• **SOURCE MATERIAL**:
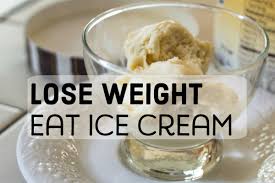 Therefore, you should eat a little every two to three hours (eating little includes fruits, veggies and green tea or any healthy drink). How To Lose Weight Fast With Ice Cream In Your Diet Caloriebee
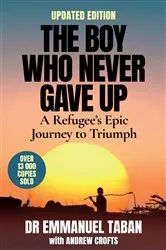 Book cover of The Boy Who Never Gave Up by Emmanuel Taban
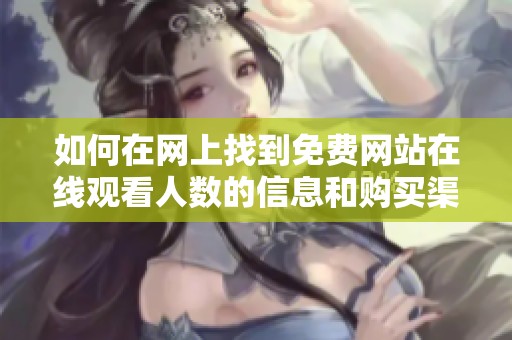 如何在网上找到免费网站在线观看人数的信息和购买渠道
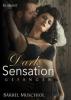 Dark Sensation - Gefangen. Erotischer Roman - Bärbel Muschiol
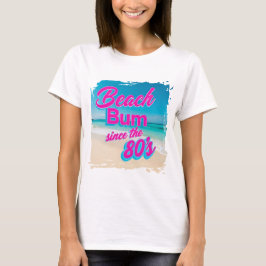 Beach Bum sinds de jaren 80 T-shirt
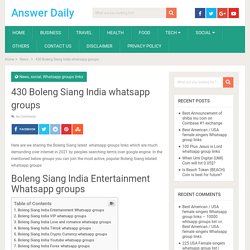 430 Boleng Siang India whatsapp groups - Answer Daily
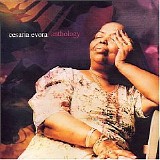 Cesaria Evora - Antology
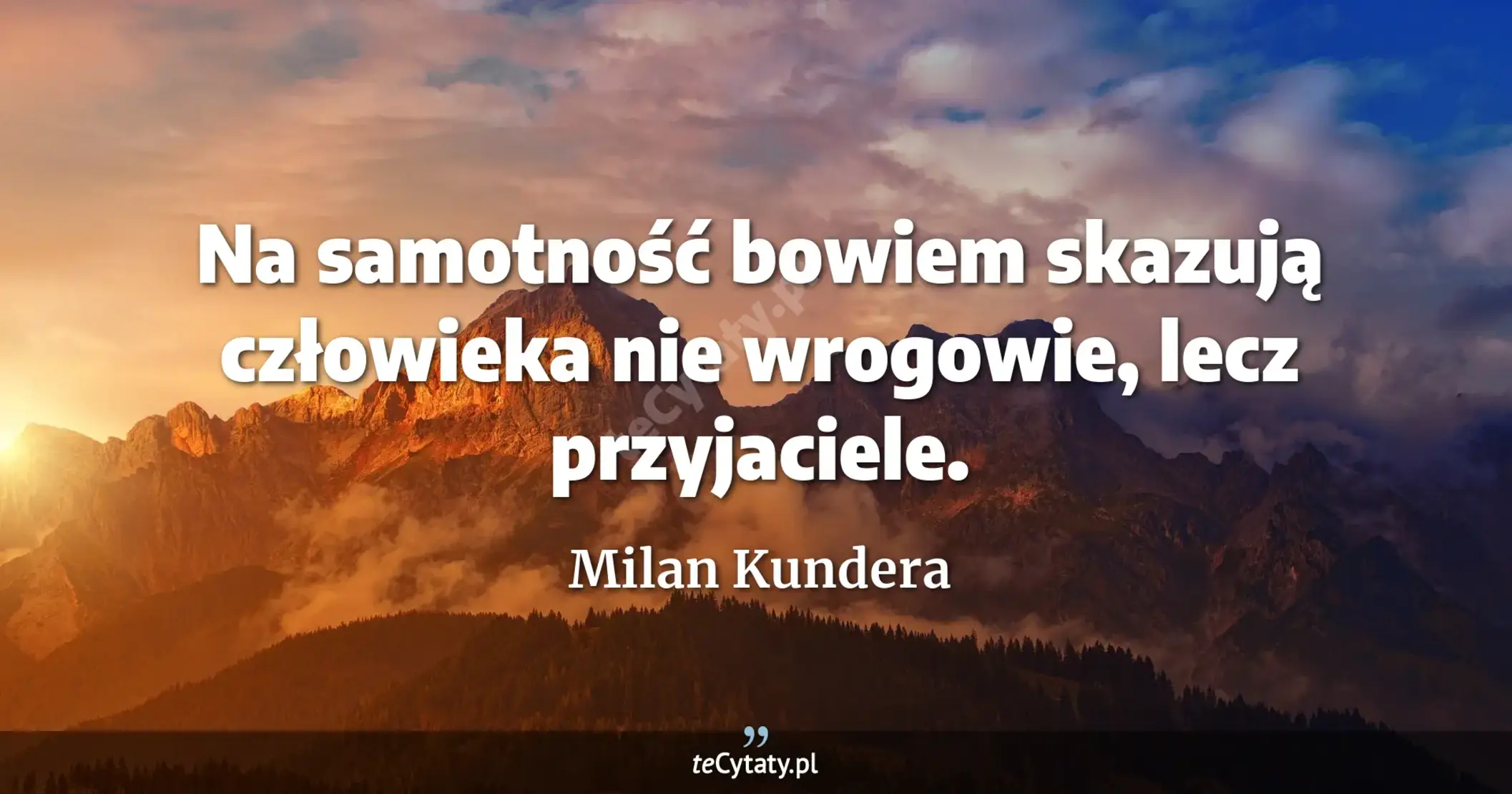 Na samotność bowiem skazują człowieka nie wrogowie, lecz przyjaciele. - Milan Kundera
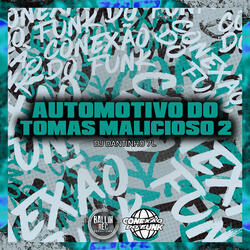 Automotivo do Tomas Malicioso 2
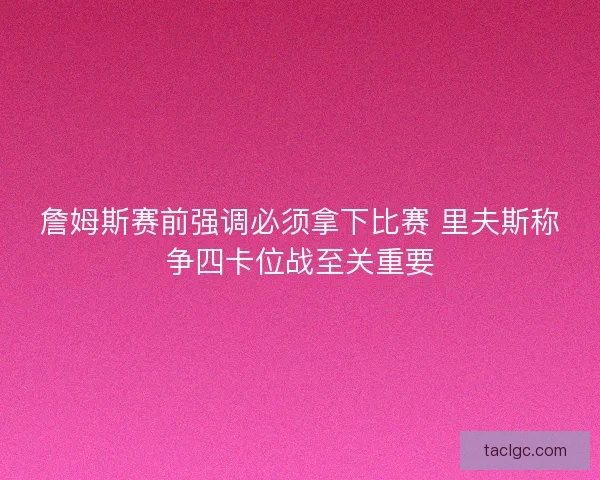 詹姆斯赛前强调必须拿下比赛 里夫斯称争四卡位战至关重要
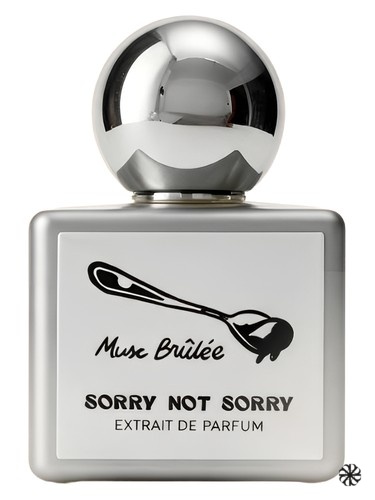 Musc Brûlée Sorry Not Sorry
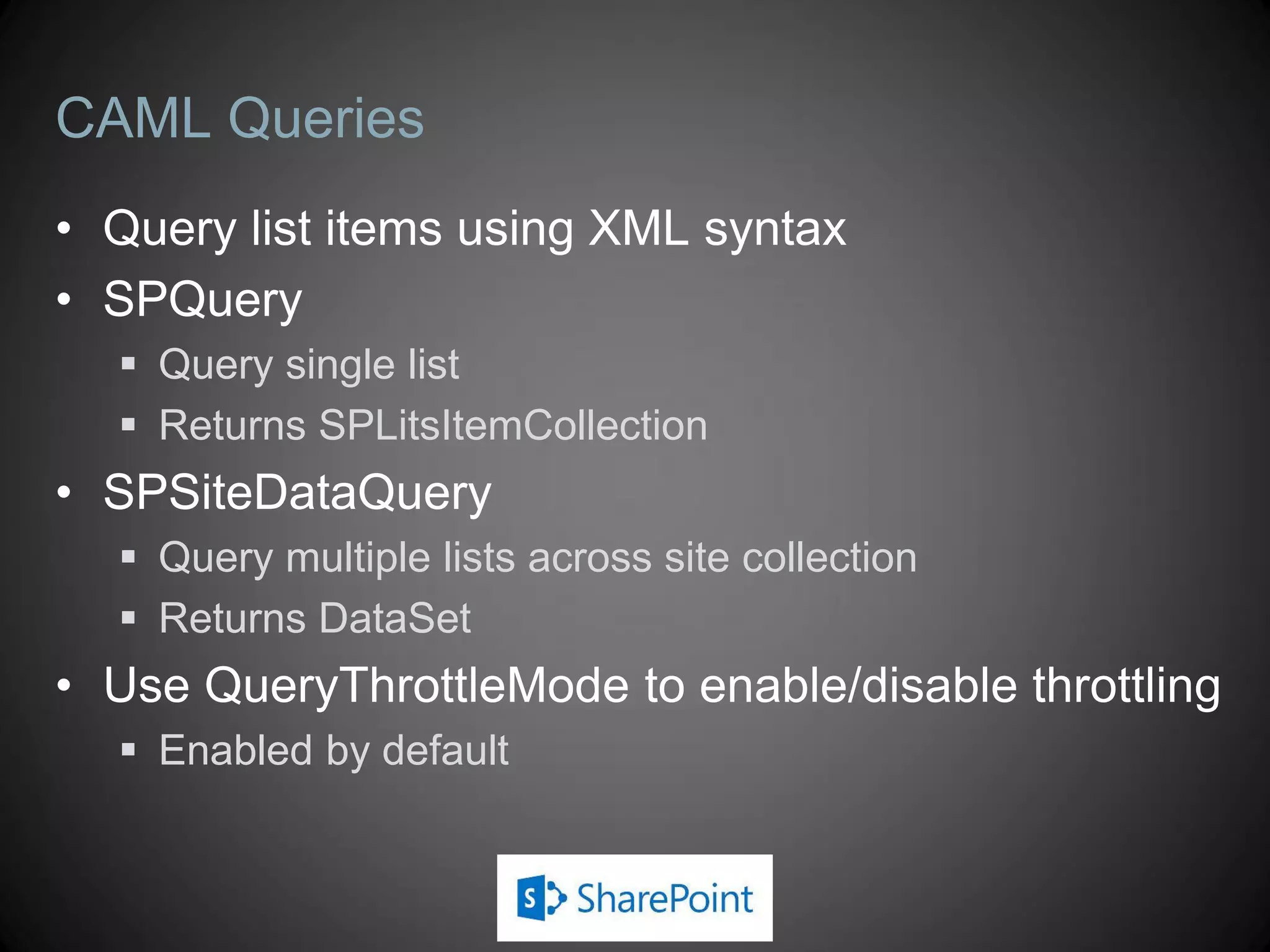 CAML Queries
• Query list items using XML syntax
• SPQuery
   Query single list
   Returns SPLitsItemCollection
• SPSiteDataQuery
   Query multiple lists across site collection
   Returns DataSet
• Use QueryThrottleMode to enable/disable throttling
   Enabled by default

• **TASK ITEM**:
Find the word "Returns" in the material, then list each line that holds it.

• **ANSWER FOR THIS EXERCISE**:
   Returns SPLitsItemCollection
   Returns DataSet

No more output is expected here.